→ **What is needed**
No pictures go into the copy. Write out exactly the lines below from the one containing "Volvo XC40 - Recharge" through the one containing "2017 AUDI Q7 WA1AAAF75HD014356 Photo 2".

→ **Data for this task**
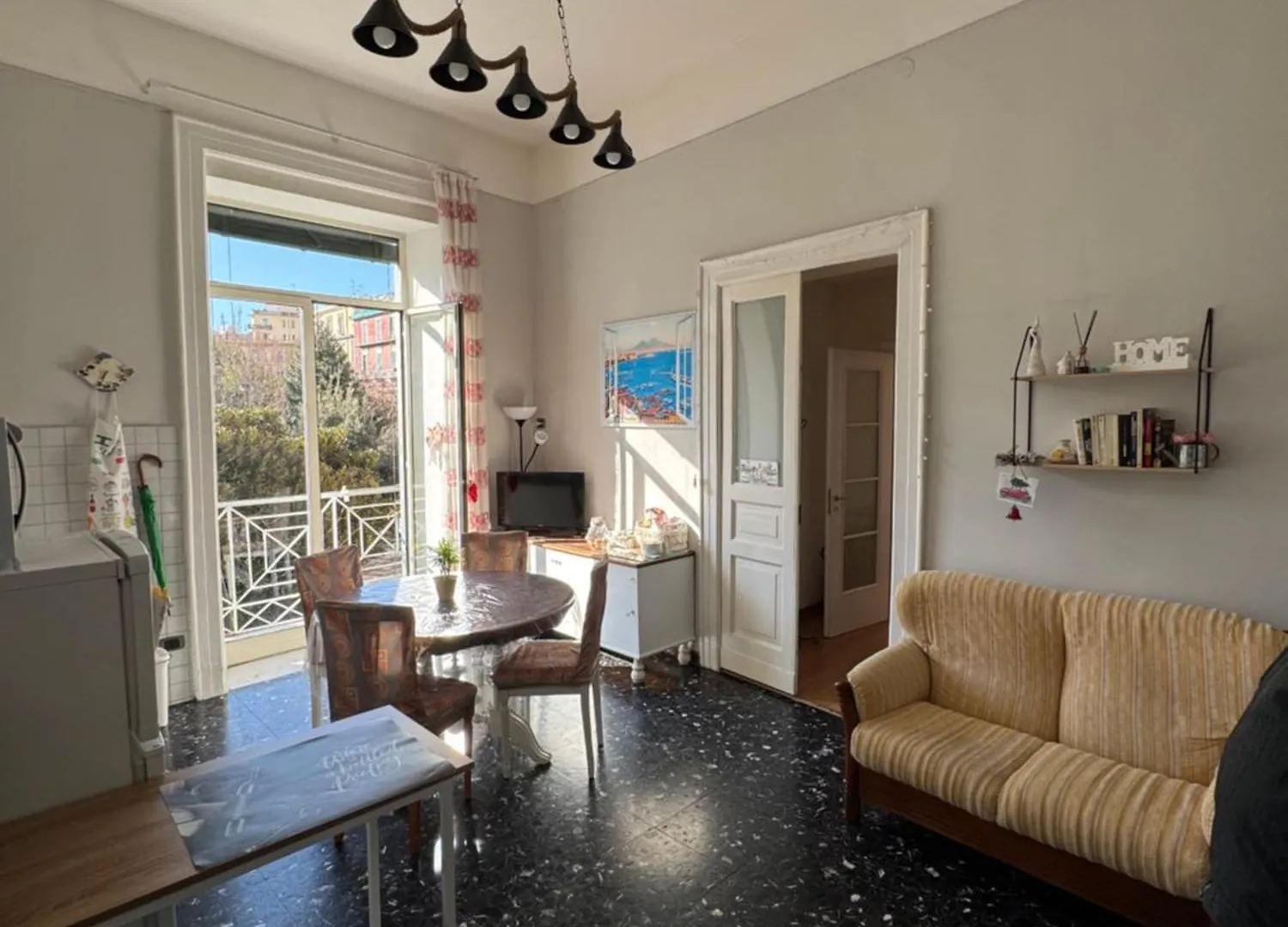 Casa Vacanze A Casa Di Ciro Naples Apartment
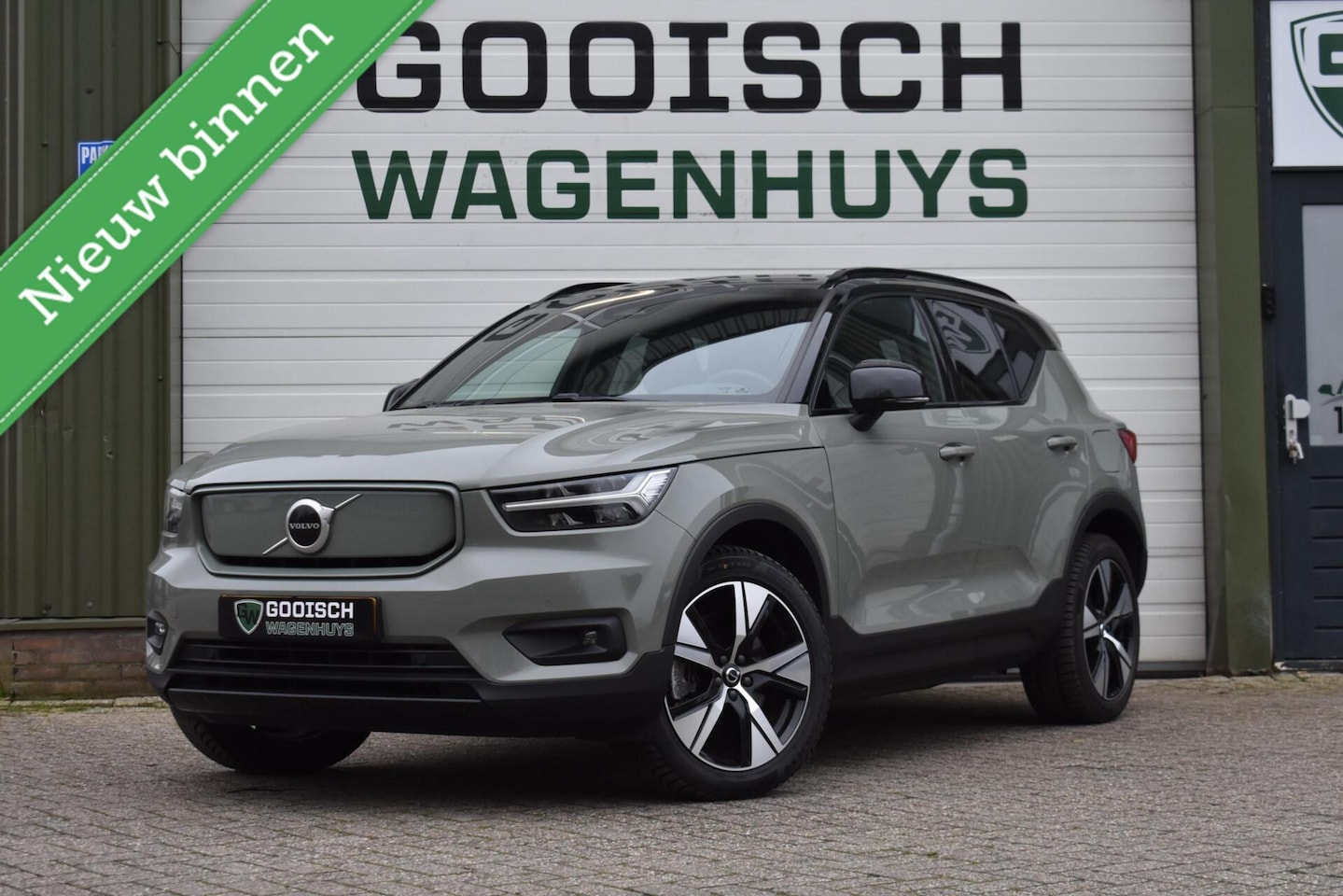 Volvo XC40 - Recharge P8 AWD R-Design | Stoel/Stuurverwarming | Camera | Harman & Kardon | - AutoWereld.nl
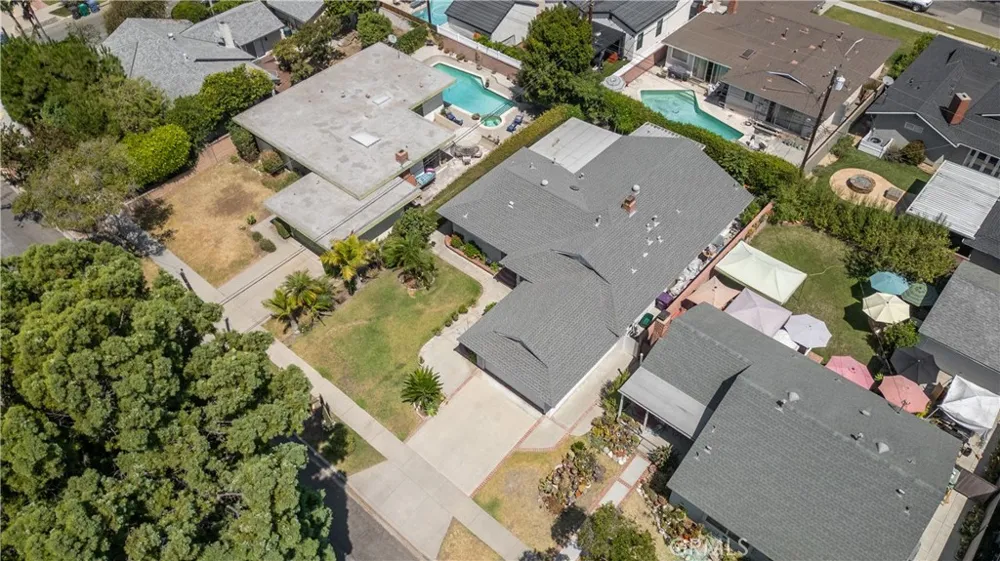 6741 E Huntdale Long Beach, CA 90808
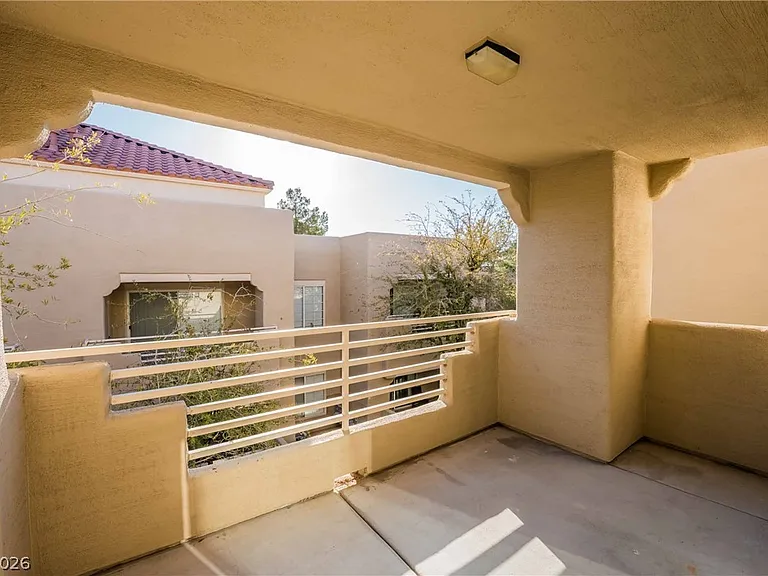 1908 Villa Palms Ct #202 — Photo 29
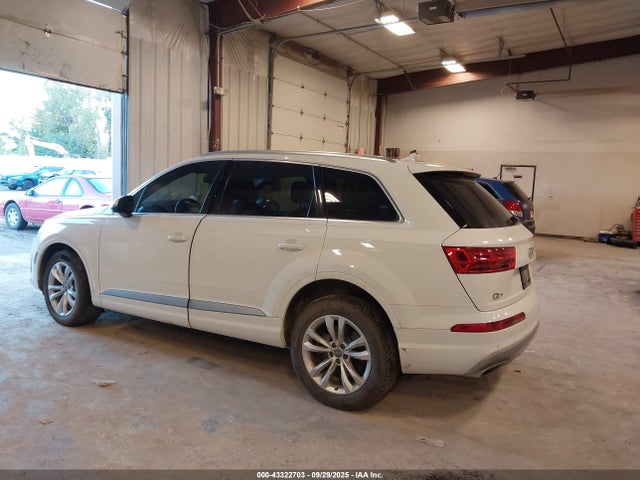 2017 AUDI Q7 WA1AAAF75HD014356 Photo 2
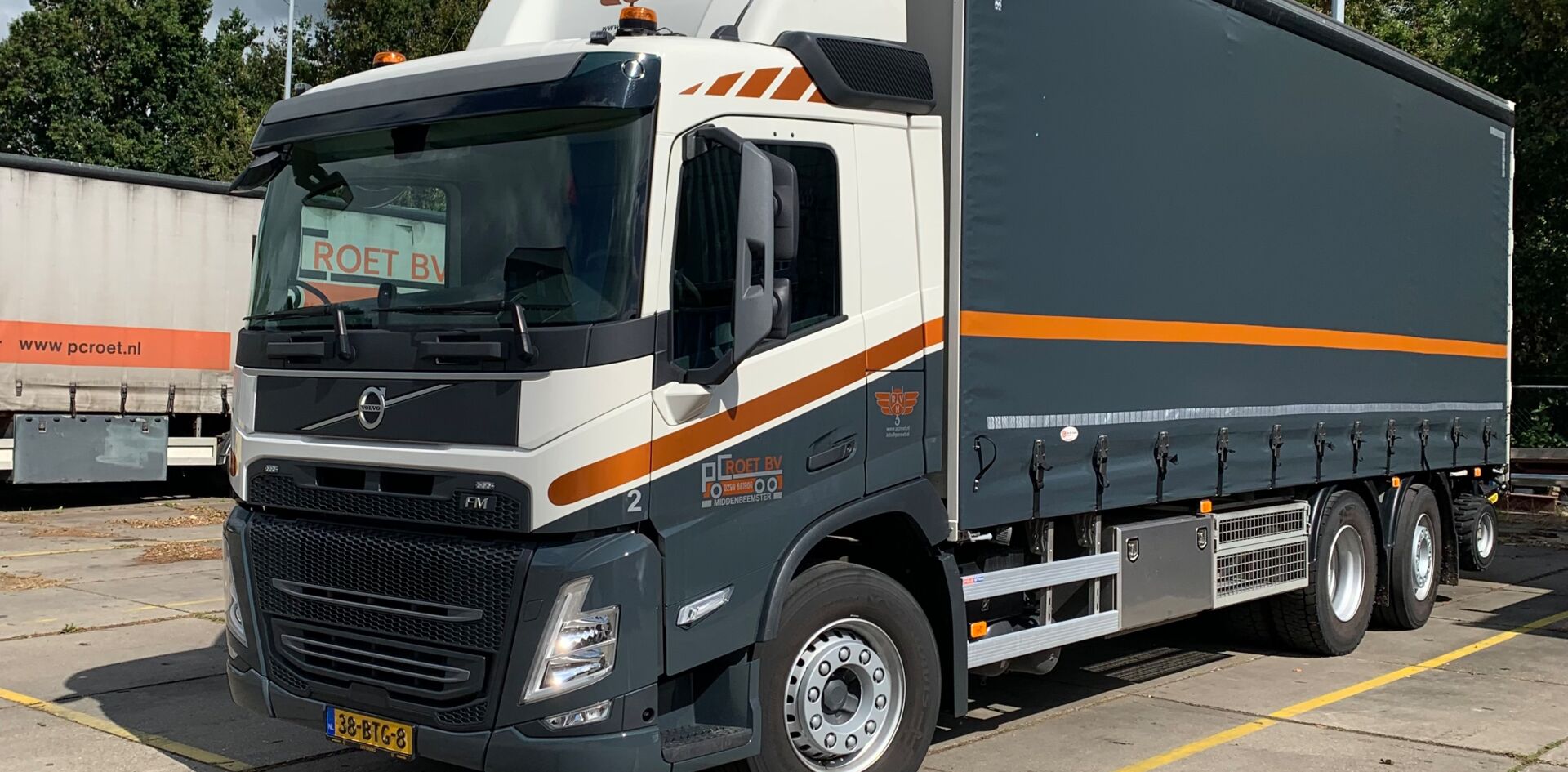 somethingheicmyLoFN.jpg Aflevering PC Roet verticaal en horizontaal transport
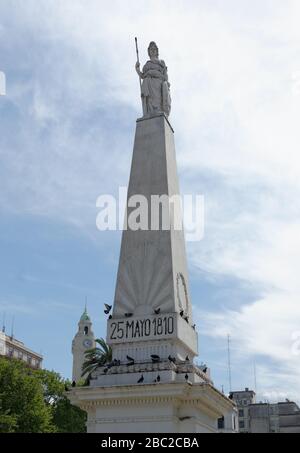 Die Statue Piramide de de Mayo, 25. Mai 1810 und Obelisken auf der Plaza 25 de Mayo in Buenos Aires Stockfoto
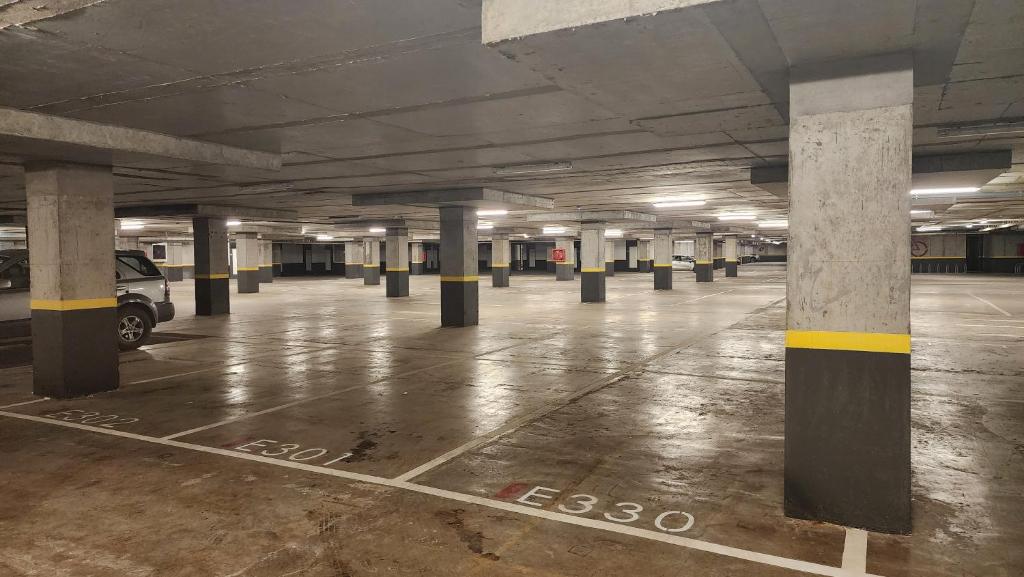 Increíble, moderno, nuevo 2D2B, incluye estacionamiento - 2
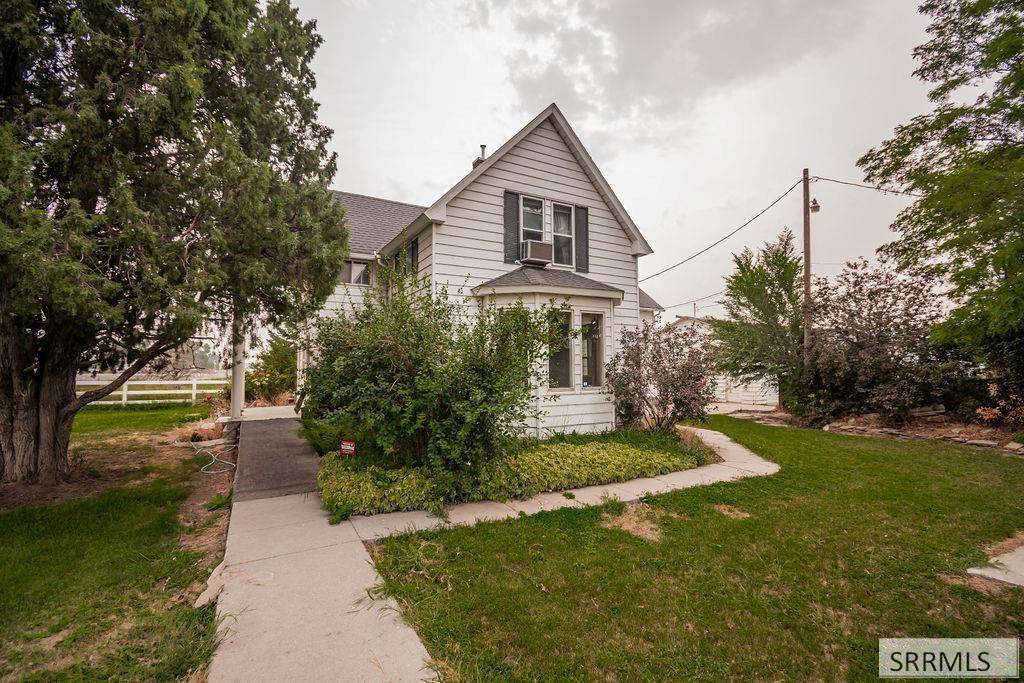 46 350 W - Photo 1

→ **Solution to this problem**
 Volvo XC40 - Recharge P8 AWD R-Design | Stoel/Stuurverwarming | Camera | Harman & Kardon | - AutoWereld.nl
 6741 E Huntdale Long Beach, CA 90808
 1908 Villa Palms Ct #202 — Photo 29
 2017 AUDI Q7 WA1AAAF75HD014356 Photo 2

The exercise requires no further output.